3.L. Action on Resolution 17-107, a Resolution awarding the Contract for the purchase of two new 2018 Pick-ups, a Chevrolet Silverado ¾ Ton 4x4 Extended Cab Short Box, and a Chevrolet Silverado 4x4 Crew Cab for the Parks, Recreation, & Forestry Dept. through the SD State Bid Contract.
Resolution 17-107
Resolution awarding the contract for the purchase of two (2) New 2018 Pick-ups, a
Chevrolet Silverado ¾ Ton 4x4 Extended Cab Short Box and a Chevrolet Silverado 4x4
Crew Cab for the Parks, Recreation & Forestry Dept. (Parks) through the SD State Bid
Contract.

Whereas, the City of Brookings Parks, Recreation & Forestry Dept. has sought and received the following quote for two new 2018 pick-ups from the Beck Motors, Inc.
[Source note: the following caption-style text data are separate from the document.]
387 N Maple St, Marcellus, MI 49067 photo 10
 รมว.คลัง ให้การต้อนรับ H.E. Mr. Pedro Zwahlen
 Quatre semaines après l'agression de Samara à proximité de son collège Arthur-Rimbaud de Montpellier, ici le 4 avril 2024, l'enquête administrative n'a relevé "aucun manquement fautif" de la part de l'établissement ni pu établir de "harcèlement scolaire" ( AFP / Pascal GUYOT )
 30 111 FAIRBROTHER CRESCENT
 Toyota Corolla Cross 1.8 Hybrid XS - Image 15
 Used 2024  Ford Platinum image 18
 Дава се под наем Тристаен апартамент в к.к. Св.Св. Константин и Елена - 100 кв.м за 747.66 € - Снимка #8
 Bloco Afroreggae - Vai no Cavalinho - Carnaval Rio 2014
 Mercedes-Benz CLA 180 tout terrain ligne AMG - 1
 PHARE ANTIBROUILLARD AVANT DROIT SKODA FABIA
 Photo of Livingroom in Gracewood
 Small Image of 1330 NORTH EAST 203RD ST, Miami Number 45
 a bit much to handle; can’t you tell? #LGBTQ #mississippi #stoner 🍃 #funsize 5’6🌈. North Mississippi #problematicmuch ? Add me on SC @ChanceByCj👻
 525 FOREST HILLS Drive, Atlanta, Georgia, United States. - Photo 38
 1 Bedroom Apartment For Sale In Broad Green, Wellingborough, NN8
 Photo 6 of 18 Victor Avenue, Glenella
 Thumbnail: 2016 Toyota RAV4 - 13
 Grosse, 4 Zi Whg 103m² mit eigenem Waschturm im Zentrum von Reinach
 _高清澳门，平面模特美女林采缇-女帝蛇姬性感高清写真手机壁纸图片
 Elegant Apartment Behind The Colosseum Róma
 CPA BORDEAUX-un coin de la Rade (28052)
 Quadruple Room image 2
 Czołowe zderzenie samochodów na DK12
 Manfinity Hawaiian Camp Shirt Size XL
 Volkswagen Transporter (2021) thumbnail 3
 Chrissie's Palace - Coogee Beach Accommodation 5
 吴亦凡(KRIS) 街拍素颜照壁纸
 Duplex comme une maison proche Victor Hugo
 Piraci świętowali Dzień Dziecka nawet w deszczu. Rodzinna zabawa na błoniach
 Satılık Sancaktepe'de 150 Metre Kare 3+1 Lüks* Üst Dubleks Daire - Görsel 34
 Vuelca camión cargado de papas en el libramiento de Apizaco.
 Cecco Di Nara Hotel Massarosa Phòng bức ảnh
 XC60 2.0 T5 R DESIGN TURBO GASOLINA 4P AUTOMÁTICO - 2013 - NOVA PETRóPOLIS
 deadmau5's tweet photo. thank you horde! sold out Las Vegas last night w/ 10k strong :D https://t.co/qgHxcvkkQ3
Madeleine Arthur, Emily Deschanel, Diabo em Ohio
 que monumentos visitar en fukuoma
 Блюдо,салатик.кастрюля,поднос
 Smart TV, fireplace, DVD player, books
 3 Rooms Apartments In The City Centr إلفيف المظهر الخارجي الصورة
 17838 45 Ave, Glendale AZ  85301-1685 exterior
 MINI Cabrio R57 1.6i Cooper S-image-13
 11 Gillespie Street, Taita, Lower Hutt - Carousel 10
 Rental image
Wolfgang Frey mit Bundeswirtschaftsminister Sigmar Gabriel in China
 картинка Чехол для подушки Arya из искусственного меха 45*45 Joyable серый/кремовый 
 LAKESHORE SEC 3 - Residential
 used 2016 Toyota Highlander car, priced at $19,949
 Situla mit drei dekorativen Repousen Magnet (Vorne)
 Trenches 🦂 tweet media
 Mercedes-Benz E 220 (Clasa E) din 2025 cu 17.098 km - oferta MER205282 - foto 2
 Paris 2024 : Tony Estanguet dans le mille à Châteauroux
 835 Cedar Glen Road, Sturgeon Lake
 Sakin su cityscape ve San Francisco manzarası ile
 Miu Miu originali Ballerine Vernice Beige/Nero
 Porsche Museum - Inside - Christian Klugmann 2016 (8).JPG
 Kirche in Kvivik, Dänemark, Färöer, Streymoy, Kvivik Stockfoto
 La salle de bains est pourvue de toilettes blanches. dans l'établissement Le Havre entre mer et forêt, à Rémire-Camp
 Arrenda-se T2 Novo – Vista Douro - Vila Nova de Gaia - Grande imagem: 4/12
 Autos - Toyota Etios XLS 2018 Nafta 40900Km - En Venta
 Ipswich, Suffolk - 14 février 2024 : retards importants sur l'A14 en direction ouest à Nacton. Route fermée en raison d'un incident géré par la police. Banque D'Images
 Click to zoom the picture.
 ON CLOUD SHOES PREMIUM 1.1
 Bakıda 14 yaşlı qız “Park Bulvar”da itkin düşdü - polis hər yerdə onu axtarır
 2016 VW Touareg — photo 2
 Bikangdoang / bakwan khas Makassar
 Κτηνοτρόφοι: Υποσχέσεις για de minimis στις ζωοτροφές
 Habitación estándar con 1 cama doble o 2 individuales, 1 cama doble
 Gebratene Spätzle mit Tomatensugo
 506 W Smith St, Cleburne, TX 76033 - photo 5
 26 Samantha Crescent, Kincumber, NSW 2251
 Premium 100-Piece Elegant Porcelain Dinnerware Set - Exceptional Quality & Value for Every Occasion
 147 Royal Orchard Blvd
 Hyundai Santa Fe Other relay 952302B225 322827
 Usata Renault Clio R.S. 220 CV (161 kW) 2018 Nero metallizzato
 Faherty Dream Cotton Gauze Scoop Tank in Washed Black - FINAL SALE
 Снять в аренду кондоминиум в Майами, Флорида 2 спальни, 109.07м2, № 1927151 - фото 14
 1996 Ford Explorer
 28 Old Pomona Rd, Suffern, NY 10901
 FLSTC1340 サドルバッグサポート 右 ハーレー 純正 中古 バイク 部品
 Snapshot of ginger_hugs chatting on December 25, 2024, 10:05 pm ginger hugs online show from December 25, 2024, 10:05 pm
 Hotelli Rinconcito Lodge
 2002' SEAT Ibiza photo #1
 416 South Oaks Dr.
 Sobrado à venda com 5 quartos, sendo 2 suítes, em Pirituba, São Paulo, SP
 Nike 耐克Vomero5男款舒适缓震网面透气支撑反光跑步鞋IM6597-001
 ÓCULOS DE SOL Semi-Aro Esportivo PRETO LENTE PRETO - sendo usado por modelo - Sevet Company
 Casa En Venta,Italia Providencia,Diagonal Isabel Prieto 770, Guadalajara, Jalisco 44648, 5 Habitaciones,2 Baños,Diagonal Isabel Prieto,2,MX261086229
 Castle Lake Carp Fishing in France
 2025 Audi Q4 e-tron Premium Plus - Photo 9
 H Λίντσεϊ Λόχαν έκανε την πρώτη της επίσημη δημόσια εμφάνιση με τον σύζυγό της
State
Bid Contract #17144 Item #15 and Item #33: Beck Motors, Inc., Item #15 in the amount of $28,832.00, and Item #33 in the amount of $29,952.00, for a total of $58,784.00; and

Whereas, the two new 2018 Pick-ups, a Chevrolet Silverado ¾ Ton 4x4 Extended Cab
Short Box and a Chevrolet Silverado 4x4 Crew Cab, will be delivered and payment made after January 1, 2018; and

Whereas, the Capital Budget for the purchase is $64,000.

Now Therefore, Be It Resolved that the contract from Beck Motors, Inc. in the amount of
$58,784.00 be accepted.
3.M. Action on Resolution 17-111, a Resolution awarding the Contract for the purchase of one new John Deere 624K Loader for the City of Brookings Street Dept. through Admin Minnesota.
Resolution 17-111
Resolution Awarding a Contract for the purchase of one New John Deere 624K Loader for the City of Brookings Street Department through Admin Minnesota.

Whereas, the City of Brookings Street Department requests action to purchase a new
2018 John Deere 624K Loader from, RDO Equipment; and

Whereas, the RDO Equipment is Contract No. 115215 for an Articulating Wheel Loader
and related accessories from Admin Minnesota Contract Release: L-331(5), a Minnesota State Bid provider; and

Whereas, the City of Brookings will purchase from RDO Equipment, one 2018 John
Deere 624K Loader in the amount of $182,664.25; and

Whereas, the Capital Budget for the purchase of one John Deere 624K Loader is
$190,000.

Whereas, the 2018 John Deere 624K Loader will be delivered and payment made after
January 1, 2018; and

Now, Therefore, Be It Resolved, that the Contract from RDO Equipment for $182,664.25 be accepted.
3.N. Action on a Preliminary Plat for Block 3 and Lots 1-10, Block 4, D&D Addition, a portion of 7th Ave. So., and a portion of 15th St. So.

BMU 3rd Quarter Financial Report. Steve Meyer, BMU Exec. Vice-President and General Manager, and Lauria Julius, BMU Finance Manager, presented the 3rd Quarter Financial Report to the City Council and public.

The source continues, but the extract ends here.